|Advertising|Jobs 転職|Shukan ST|JT Weekly|Book Club|JT Women|Study in Japan|Times Coupon|Subscribe 新聞購読申込|
|Home > Opinion|
Tuesday, May 11, 2010
Ma jockeys for domestic and Chinese favor
By FRANK CHING
HONG KONG — Taiwan's leader Ma Ying-jeou did something unusual late last month. With the next presidential election almost two years away, he held a televised debate with the leader of the opposition Democratic Progressive Party, Tsai Ing-wen, thereby giving her the status and media exposure she badly wanted.
It was a daring and high-risk move, but he did it because his support ratings were so low that he was having difficulty convincing the electorate that a key economic agreement with China that he has been pushing was in Taiwan's interests.
All indications are he succeeded in pulling it off. According to polling by the United Daily News, on March 18 — two years after his election in a 2008 landslide — his support rating was only 27 percent. Immediately after the April 25 debate, it rose to 38 percent.
The opposition may have lost the debate, but it is far from being crushed. The support rating for Ms. Tsai is 50 percent, substantially higher than for Ma.
While the chances of success for the Economic Cooperation Framework Agreement (ECFA) look distinctly better, Ma is still weak and any setback in the next two years could turn him into a one-term president. That is probably good for him.
Ma has proven to be a somewhat less than inspirational leader except in the area of cross-strait relations, where he has performed brilliantly. His government over the past two years has concluded 12 agreements with China on such things as flights, food safety, tourism and mutual judicial assistance.
Of course, those achievements were possible only because of China's cooperation. China appreciates Ma's rejection of the pro-independence policies of his predecessor, Chen Shui-bian. But it has made clear that its ultimate goal remains political unification between the island and the mainland.

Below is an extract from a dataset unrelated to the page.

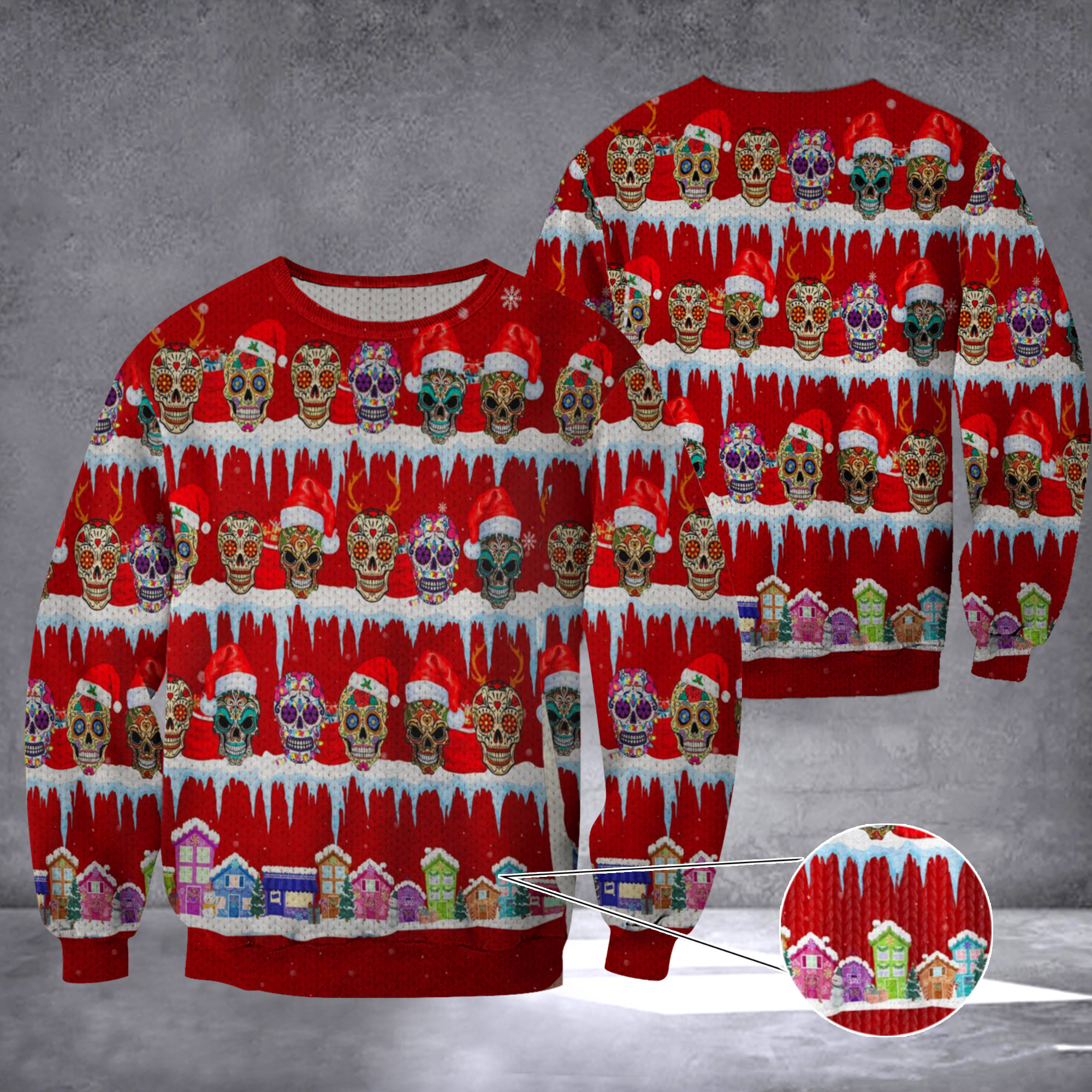 Sugar Skull Ugly Christmas Sweater Day Of The Dead Mexico Skull Santa Sweater Gift For Adults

This topic is always on the minds of Chinese leaders. On April 30, Chinese President Hu Jintao opened the Shanghai Expo, calling it the "pride of all Chinese people, including those across the Taiwan Strait," and again urged the two sides to work together to realize the great renaissance of the Chinese nation.
Ma has made it clear he will discuss only economic, not political, issues. Certainly, he knows that he will not be able to carry the Taiwan public with him if he enters into political negotiations, even if he were so minded.
Ma has made no secret of his real reason for negotiating a trade agreement with China: his fear is that Taiwan, like North Korea, will be excluded from the network of trade accords that increasingly link other countries of the region. He hopes that, once an ECFA with China is completed, Taiwan will have China's blessing to sign free trade agreements with other countries.
It is far from clear that Beijing will go along with that, but the likelihood of Beijing continuing to make concessions to Taiwan is much greater if Ma's domestic political situation appears precarious. In fact, the weaker Ma appears, the more likely China is to shore him up since it does not want the pro-independence opposition party to regain power.
So far, China has been unwilling to budge on the issue of arms sales. President Ma, in a recent CNN interview, pointed out something that China has refused to acknowledge. "If the U.S. reduces arms sales to Taiwan below the current level, it will reduce confidence in this part of the world. Taiwan needs the arms to defend this country."
China has not yet recognized that the way to winning the hearts and minds of the people of Taiwan is not to make them feel weak and vulnerable. It takes confidence for Taiwan to embark on negotiations with China that could prove fruitful in the long term. Taiwan needs arms to bolster its confidence.
However, even on the arms sales issue, Beijing has been relatively benign toward Taiwan. While Beijing excoriated Washington for selling $6.4 billion in arms to Taiwan, it has not uttered any criticism of Taiwan for having requested the weapons in the first place.
A glimpse into China's position was provided the week before last at an East-West Center conference in Hong Kong. Professor Chu Shulong of Tsinghua University told the audience that Taiwan, in fact, has a right to purchase arms from abroad. It is just that no country has the right to sell arms to Taiwan.
A more enlightened China would certainly recognize the absurdity of such a position.